"""
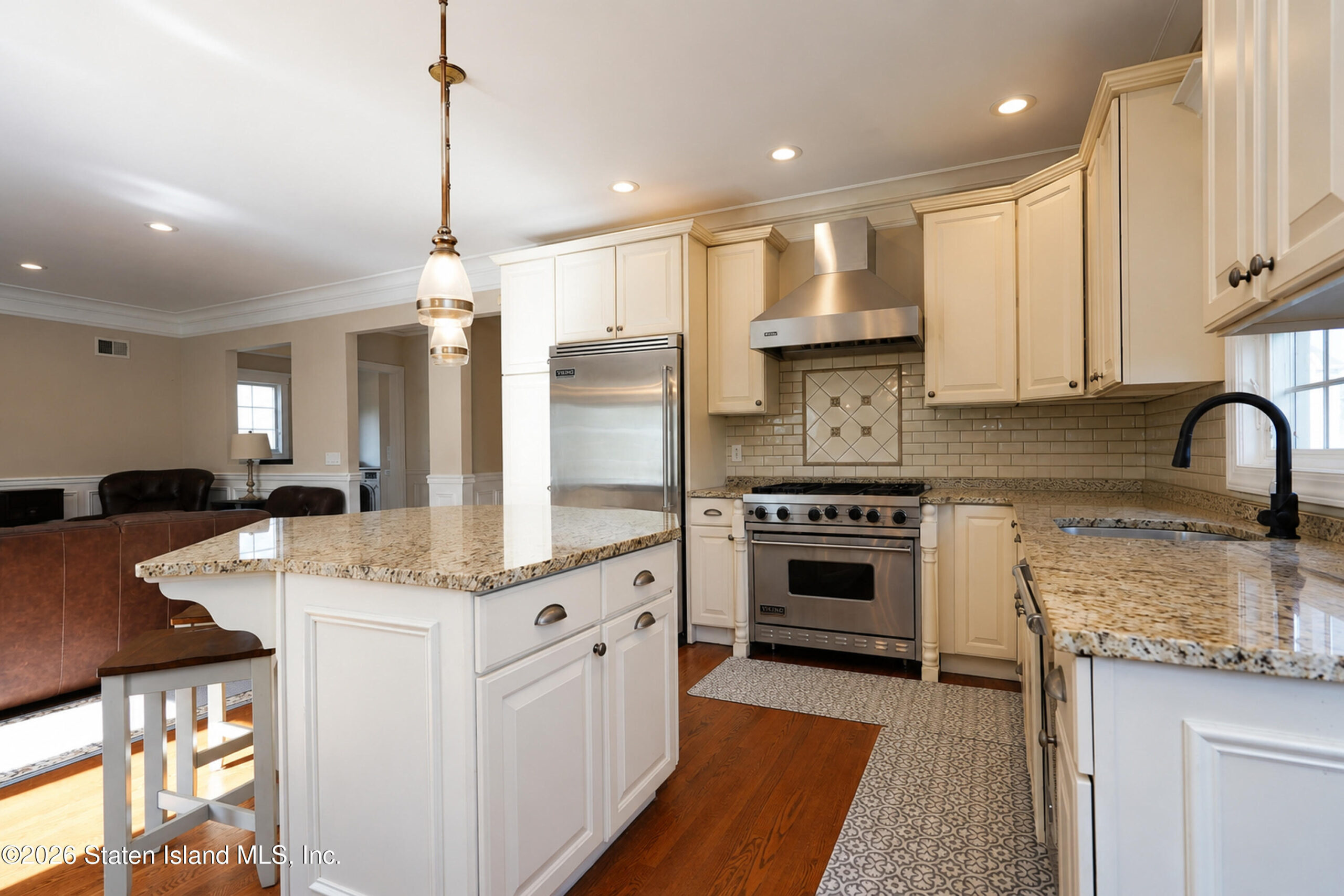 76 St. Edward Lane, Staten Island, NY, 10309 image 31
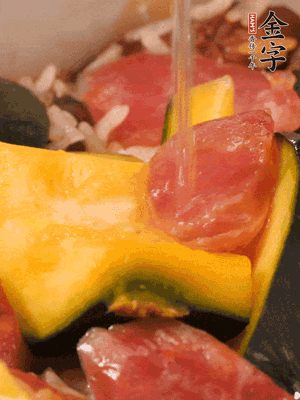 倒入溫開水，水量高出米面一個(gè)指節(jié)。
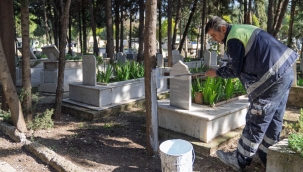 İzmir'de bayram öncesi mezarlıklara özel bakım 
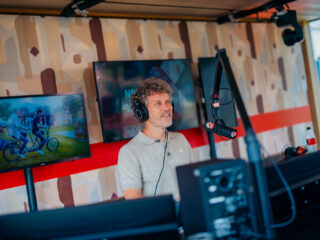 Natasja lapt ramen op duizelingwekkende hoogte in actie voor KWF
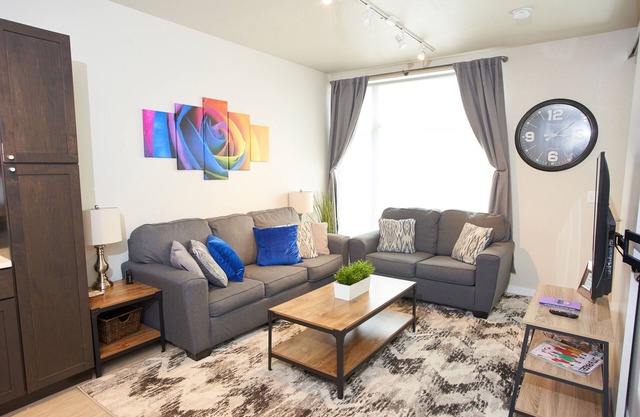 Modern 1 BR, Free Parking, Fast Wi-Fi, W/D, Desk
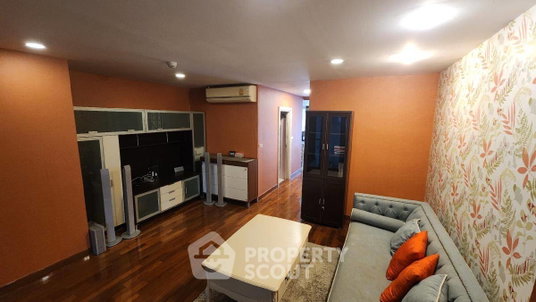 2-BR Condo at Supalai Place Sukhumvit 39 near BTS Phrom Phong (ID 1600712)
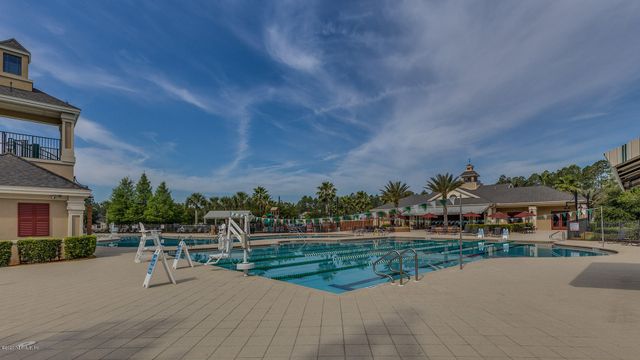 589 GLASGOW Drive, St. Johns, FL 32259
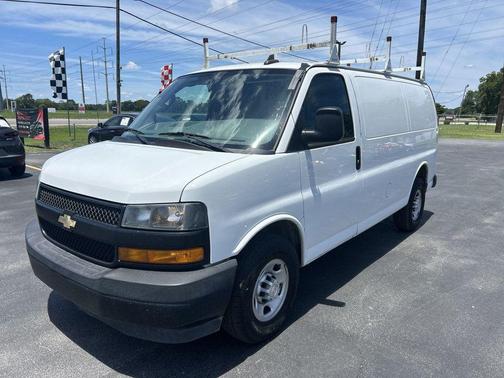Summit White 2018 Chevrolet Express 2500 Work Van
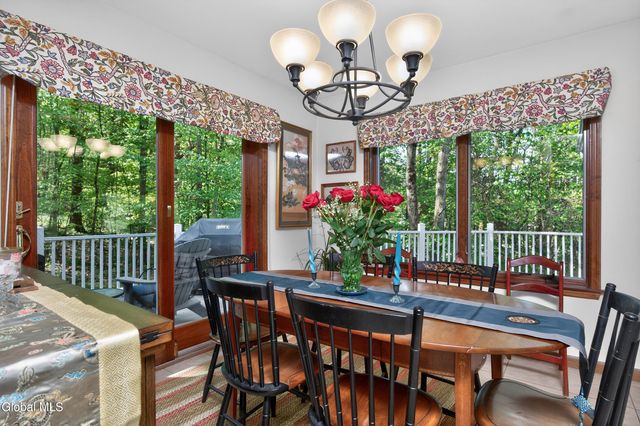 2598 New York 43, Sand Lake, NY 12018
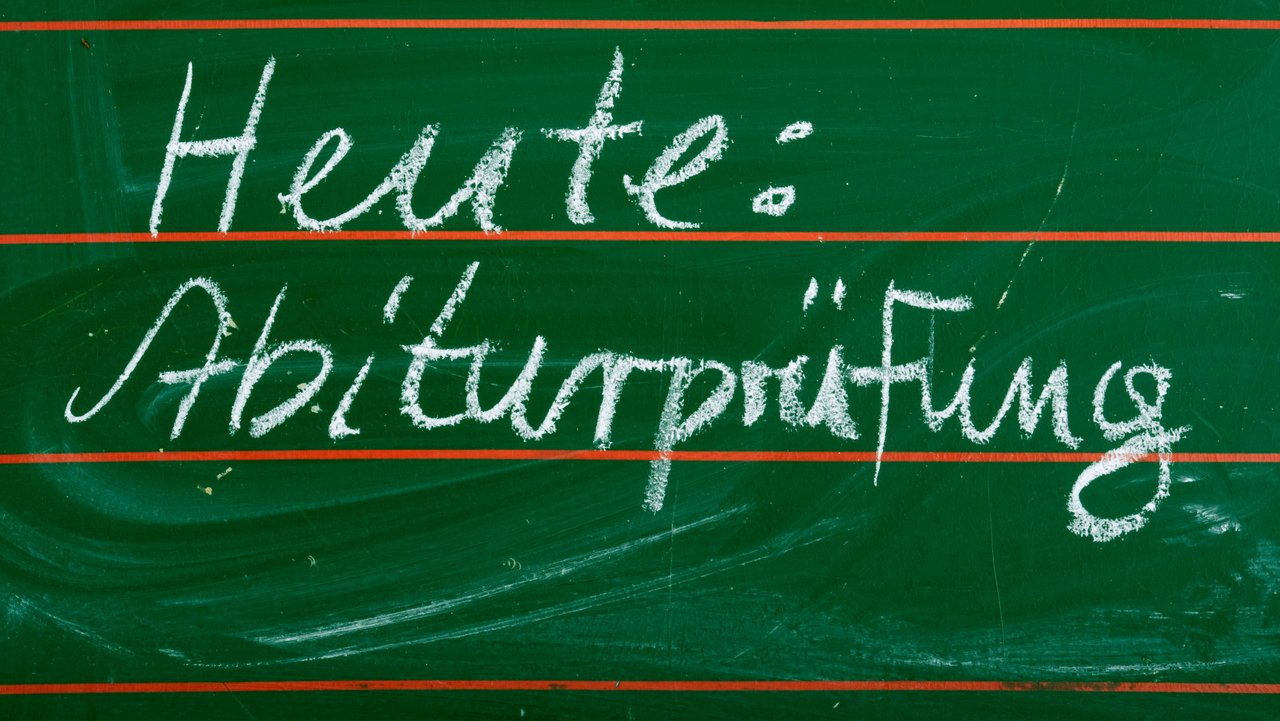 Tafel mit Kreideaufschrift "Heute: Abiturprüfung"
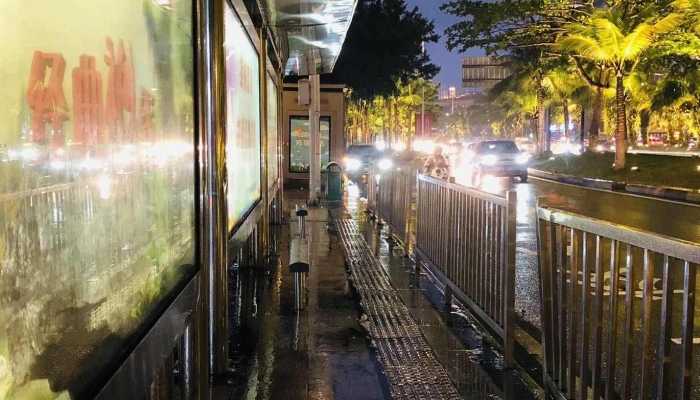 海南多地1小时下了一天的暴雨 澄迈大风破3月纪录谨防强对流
"""
#### PROBLEM DESCRIPTION
Word for word, retype the lines from the one with "Tafel mit Kreideaufschrift" through the final line of the data, both included. No pictures belong in the copy.

#### ANSWER TO THIS TASK
 Tafel mit Kreideaufschrift "Heute: Abiturprüfung"
 海南多地1小时下了一天的暴雨 澄迈大风破3月纪录谨防强对流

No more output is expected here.